Action item: Take the data from its first line. Print each line exactly until the line containing "I'm going to" has been printed too.

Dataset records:
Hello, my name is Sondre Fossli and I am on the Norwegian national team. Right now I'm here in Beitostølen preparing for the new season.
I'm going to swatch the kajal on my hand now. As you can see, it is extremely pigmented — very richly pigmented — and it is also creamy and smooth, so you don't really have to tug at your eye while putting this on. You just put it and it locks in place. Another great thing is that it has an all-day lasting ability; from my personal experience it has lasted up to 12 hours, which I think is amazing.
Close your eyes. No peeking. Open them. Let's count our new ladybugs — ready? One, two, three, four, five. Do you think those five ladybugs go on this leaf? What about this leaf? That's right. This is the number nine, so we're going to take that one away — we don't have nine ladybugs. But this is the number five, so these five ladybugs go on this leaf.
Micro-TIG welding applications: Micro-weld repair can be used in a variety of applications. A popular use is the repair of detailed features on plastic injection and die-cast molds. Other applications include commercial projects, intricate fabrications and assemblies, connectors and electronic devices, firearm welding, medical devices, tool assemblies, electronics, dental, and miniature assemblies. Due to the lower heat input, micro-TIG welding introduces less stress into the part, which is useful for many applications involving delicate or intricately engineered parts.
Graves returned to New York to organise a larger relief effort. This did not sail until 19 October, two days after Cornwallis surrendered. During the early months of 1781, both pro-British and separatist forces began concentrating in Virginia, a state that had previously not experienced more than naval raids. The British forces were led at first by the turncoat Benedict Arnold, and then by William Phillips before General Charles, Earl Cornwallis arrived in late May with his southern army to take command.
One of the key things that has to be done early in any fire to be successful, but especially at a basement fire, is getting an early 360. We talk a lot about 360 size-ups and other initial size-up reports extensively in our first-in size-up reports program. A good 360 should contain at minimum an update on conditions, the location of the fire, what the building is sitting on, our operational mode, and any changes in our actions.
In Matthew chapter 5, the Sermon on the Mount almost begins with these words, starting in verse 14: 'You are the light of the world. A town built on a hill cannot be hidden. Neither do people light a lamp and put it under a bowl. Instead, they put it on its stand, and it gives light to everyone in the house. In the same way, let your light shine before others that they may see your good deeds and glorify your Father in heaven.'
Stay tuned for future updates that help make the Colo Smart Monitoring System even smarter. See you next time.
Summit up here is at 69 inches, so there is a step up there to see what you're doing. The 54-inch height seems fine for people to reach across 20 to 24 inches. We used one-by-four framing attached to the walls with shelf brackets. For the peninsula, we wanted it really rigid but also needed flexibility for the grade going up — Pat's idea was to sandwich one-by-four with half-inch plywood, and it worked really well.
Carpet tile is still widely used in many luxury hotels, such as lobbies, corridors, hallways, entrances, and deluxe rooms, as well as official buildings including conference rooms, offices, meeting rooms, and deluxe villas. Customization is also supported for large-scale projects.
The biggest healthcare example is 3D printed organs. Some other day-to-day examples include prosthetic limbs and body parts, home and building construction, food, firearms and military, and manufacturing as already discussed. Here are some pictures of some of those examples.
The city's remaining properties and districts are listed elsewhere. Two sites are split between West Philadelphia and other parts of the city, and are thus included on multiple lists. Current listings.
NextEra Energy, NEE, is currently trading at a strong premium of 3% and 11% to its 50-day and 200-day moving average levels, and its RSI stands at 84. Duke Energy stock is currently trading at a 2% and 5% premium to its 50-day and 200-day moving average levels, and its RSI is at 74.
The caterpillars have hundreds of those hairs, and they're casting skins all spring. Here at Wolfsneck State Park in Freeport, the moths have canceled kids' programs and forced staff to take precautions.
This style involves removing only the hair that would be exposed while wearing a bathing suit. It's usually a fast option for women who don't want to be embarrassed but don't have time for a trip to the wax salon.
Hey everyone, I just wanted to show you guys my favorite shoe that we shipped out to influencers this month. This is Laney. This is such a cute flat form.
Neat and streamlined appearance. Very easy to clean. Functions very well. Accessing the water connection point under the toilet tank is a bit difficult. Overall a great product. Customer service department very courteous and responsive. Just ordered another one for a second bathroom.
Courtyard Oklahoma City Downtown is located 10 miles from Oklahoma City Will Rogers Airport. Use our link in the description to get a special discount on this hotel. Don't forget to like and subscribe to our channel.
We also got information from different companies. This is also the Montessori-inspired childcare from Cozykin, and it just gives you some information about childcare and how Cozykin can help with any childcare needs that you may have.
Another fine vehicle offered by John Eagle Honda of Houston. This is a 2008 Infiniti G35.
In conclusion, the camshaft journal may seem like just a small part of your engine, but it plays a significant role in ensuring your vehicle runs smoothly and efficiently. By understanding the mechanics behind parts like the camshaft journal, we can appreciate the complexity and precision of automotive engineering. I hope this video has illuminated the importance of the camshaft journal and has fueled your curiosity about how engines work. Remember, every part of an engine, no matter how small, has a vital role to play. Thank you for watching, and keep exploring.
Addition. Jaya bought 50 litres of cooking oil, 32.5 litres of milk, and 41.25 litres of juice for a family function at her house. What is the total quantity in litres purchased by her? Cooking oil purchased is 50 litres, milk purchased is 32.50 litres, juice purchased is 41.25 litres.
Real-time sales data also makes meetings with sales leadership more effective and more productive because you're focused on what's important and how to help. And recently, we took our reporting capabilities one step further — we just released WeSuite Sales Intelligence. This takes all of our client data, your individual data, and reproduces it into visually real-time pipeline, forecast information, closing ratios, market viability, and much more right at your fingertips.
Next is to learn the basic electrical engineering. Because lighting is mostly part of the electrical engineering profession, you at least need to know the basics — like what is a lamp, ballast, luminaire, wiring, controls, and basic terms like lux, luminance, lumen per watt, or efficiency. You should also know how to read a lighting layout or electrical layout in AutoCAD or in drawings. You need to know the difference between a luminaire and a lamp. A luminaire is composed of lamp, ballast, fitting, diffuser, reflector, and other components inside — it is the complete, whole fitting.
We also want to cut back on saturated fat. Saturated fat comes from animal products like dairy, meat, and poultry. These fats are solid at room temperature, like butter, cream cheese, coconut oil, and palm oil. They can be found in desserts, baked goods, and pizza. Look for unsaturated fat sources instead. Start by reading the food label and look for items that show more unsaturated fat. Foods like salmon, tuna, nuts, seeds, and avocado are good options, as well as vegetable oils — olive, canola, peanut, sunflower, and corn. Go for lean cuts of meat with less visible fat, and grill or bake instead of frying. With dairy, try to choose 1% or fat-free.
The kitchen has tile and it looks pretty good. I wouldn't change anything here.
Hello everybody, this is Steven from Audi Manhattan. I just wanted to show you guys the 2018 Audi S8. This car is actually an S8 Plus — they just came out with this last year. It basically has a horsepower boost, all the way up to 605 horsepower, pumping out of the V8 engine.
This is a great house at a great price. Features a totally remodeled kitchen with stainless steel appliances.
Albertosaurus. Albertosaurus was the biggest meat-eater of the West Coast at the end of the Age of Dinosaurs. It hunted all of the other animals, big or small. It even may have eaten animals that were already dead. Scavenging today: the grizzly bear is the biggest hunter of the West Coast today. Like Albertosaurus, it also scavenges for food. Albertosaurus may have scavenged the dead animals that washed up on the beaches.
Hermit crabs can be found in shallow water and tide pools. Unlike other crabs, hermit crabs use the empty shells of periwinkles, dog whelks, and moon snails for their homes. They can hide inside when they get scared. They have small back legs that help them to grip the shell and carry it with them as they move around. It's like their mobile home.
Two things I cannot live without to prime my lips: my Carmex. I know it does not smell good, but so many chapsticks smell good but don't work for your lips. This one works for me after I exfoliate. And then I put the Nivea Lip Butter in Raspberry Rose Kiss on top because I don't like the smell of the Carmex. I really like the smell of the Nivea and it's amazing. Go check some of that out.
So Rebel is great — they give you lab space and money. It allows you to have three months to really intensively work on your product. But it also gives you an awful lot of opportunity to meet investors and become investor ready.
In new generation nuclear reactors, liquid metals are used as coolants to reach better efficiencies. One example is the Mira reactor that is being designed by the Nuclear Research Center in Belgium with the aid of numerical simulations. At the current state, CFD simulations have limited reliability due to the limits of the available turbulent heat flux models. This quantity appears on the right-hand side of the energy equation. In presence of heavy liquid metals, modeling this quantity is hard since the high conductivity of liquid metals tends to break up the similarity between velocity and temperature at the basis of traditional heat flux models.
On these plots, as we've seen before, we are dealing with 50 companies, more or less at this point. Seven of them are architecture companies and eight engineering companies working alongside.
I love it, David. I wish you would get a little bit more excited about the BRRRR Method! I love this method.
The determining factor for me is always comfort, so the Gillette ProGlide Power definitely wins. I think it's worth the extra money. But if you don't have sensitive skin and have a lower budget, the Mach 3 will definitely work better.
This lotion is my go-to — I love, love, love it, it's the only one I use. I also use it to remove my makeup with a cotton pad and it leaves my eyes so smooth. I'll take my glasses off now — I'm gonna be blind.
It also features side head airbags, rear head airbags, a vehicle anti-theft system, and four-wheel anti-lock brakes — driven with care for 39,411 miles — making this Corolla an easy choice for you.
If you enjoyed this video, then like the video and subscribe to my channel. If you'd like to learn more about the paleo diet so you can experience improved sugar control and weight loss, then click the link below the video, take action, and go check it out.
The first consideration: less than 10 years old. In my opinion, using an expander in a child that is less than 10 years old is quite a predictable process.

Result:
Hello, my name is Sondre Fossli and I am on the Norwegian national team. Right now I'm here in Beitostølen preparing for the new season.
I'm going to swatch the kajal on my hand now. As you can see, it is extremely pigmented — very richly pigmented — and it is also creamy and smooth, so you don't really have to tug at your eye while putting this on. You just put it and it locks in place. Another great thing is that it has an all-day lasting ability; from my personal experience it has lasted up to 12 hours, which I think is amazing.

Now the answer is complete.